The season was promoted at San Diego Comic-Con in July 2026 with a panel featuring the showrunners and cast, moderated by Walker. Several casting announcements were made, a teaser trailer and a behind-the-scenes featurette about the season's creatures were shown, and the panel was briefly interrupted by four performers who appeared on stage in costume as Nazgnagôl. The teaser was released online at the end of the panel, and was described as "action-packed" by multiple commentators. Matthew Byrd at Reactor said it was generous with the amount of footage included, especially considering how little had been seen of the season at that point, and said the teaser showed off the series' continued high production value. He felt it also showed a strong narrative drive that indicated continued momentum following the second season's improved pacing.

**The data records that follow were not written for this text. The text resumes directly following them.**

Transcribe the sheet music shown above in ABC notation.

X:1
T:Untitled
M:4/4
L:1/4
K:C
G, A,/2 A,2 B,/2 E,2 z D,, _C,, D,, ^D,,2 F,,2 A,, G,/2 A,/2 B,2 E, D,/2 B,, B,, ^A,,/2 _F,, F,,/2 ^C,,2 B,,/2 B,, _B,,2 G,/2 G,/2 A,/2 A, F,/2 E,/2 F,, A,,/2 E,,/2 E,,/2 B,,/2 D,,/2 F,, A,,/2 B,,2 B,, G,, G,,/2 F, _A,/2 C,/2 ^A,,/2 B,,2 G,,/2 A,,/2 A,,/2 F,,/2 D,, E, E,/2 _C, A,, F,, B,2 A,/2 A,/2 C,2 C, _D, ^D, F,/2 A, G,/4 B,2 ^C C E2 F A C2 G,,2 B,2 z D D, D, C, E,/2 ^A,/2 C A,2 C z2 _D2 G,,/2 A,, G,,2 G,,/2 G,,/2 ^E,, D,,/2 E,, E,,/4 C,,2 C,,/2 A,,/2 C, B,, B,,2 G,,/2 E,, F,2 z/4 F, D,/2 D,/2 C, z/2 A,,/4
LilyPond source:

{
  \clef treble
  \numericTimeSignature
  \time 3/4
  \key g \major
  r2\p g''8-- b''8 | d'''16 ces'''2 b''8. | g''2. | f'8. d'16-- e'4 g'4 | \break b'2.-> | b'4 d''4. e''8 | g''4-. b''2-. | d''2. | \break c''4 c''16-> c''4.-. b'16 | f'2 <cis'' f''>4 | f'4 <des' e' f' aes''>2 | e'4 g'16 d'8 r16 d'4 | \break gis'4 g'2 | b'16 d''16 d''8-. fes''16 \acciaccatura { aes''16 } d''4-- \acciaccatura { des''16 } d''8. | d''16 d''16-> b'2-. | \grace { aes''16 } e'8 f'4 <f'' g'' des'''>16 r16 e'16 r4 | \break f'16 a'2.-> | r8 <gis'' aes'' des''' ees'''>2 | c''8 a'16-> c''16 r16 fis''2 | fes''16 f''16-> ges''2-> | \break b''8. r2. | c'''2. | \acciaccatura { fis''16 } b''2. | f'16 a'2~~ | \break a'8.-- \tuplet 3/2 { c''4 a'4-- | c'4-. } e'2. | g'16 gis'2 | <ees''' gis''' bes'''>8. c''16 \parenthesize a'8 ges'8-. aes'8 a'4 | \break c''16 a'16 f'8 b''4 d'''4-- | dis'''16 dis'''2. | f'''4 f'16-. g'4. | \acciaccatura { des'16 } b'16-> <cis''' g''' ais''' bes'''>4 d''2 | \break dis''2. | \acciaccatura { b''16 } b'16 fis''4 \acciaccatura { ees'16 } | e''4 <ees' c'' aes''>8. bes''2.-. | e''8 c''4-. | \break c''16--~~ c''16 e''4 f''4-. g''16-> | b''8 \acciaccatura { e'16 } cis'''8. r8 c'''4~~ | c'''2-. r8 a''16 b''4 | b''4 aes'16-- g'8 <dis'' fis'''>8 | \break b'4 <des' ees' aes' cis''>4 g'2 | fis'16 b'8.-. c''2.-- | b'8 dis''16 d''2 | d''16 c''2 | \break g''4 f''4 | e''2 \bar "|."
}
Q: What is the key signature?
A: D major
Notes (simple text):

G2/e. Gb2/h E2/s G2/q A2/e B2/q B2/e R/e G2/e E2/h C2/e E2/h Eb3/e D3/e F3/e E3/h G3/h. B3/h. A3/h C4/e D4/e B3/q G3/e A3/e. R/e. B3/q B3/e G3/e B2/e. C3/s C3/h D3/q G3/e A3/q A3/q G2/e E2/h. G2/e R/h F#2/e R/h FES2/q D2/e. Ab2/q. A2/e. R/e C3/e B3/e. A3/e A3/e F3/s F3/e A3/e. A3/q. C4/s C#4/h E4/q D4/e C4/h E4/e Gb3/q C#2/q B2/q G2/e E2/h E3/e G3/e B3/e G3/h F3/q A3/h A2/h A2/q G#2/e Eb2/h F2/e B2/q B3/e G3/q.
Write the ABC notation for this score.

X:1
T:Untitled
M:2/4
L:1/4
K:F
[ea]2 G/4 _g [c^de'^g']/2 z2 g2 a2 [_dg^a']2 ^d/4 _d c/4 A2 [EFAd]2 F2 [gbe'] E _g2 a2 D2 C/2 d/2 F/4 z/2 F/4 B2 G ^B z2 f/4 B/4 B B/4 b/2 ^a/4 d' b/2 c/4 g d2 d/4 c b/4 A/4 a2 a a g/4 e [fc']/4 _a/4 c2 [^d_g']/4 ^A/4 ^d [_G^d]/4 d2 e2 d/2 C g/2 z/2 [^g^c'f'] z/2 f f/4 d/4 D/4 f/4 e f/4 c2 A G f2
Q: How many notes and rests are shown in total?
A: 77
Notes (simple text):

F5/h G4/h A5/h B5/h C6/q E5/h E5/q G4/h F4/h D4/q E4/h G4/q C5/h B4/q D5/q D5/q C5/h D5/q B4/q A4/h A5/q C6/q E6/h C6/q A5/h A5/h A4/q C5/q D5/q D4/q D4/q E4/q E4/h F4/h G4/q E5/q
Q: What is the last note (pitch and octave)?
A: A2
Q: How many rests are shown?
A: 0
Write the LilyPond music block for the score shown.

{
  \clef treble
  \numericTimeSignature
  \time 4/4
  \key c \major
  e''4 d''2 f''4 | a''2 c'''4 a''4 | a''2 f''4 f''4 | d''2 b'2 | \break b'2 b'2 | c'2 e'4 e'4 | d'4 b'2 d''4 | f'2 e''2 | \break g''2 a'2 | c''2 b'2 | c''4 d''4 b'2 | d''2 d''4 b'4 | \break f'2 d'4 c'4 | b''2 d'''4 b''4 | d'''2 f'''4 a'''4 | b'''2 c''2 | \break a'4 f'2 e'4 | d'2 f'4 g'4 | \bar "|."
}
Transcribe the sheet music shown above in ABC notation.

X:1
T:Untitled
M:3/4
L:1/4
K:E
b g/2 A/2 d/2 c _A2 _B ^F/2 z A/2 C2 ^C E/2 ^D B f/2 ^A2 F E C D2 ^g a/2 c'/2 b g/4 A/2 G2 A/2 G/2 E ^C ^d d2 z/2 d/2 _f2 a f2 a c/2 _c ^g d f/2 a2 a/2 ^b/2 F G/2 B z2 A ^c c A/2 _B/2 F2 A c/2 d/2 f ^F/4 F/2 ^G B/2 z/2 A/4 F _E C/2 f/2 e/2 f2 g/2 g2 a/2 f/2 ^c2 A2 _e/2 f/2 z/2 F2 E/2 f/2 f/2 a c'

Writing for Polygon, Sam Nelson said the series was "finally getting to the good stuff" after the slow pacing of the first two seasons, highlighting the forging of the One Ring and the appearance of future Nazgûl riding on Fell beasts. Lucas Manfredi of TheWrap said first looks at Celeborn and the forging of the One Ring were notable highlights of the teaser. The creature featurette was later released online as well. The announcement that the Balrog would speak in the season and the casting of Pegg as the voice were highlighted by multiple commentators. Discussing the properties that got the most "buzz" out of the convention, James Hibberd at The Hollywood Reporter noted The Rings of Power alongside its fellow Prime Video series Blade Runner 2099 (2026), which was promoted during the same panel. He said the "Harfoots-free" trailer for this season made it look like it could be the best season of the series so far.

== Release ==
The season is set to premiere on Prime Video in the United States on November 11, 2026, with its first four episodes. The next two episodes will be released on November 18 and the final two on November 25. Episodes are released on the streaming service around the world at the same time as the US release, in more than 240 countries and territories. After the release schedule was announced, Rotem Rusak at Nerdist questioned the decision to release four hour-long episodes in one week and to release the entire season over the course of less than three weeks, especially when the previous two seasons mostly released one episode a week. He wondered if the season's story was specifically suited to this schedule, and acknowledged that finishing the season right before Thanksgiving would allow US fans to catch up on the whole season during that holiday period.